InternVL2-8B-MPO
Property | Value |
---|---|
Parameter Count | 8.08B |
Model Type | Multimodal LLM |
License | MIT |
Paper | arXiv:2411.10442 |
Tensor Type | BF16 |
What is InternVL2-8B-MPO?
InternVL2-8B-MPO is an advanced multimodal large language model that enhances the original InternVL2-8B through Mixed Preference Optimization (MPO). The model addresses the challenge of distribution shifts in multimodal reasoning by incorporating a novel preference optimization process.
Implementation Details
The model builds upon InternVL2-8B and introduces several key technical innovations: an automated preference data construction pipeline creating the MMPR dataset, and a Mixed Preference Optimization approach that significantly improves multimodal Chain-of-Thought (CoT) performance.
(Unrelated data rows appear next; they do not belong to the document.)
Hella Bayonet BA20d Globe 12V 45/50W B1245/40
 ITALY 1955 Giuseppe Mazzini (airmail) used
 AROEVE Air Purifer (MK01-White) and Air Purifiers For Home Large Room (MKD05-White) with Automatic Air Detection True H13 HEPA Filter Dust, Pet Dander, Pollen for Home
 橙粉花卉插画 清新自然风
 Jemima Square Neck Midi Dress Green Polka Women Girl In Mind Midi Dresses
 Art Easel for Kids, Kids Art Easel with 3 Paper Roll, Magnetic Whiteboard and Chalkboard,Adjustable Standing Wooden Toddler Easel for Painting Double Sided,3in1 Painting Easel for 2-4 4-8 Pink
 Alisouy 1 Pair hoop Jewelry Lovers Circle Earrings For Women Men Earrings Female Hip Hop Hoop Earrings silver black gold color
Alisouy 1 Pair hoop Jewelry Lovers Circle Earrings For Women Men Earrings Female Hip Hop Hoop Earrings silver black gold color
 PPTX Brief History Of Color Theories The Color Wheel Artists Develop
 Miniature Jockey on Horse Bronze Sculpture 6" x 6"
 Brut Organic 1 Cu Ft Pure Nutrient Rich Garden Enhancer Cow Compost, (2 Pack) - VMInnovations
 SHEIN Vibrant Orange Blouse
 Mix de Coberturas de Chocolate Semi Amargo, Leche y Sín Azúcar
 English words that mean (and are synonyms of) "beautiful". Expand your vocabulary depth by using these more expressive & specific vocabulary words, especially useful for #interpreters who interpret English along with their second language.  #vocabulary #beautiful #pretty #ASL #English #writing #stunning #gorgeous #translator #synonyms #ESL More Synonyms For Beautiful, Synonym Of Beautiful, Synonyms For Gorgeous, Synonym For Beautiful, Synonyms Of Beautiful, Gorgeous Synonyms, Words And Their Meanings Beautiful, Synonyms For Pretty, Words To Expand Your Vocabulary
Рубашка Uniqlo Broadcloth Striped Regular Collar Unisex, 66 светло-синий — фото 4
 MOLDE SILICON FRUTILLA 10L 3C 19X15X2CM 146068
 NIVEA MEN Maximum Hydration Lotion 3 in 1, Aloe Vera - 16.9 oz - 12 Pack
- Achieves 67.0% accuracy on MathVista, outperforming base model by 8.7 points
- Implements advanced visual-linguistic processing capabilities
- Supports multiple deployment options including 4-bit and 8-bit quantization
Core Capabilities
- Enhanced multimodal reasoning and Chain-of-Thought performance
- Reduced hallucination compared to base model
- Support for multi-image and video processing
- Multilingual capabilities
- Streaming output support
Frequently Asked Questions
Q: What makes this model unique?
The model's distinctive feature is its Mixed Preference Optimization approach, which significantly improves multimodal reasoning capabilities while maintaining efficient performance with just 8B parameters.
Q: What are the recommended use cases?
The model excels in multimodal reasoning tasks, image-text interactions, visual question answering, and complex visual analysis scenarios. It's particularly strong in tasks requiring detailed reasoning about visual content.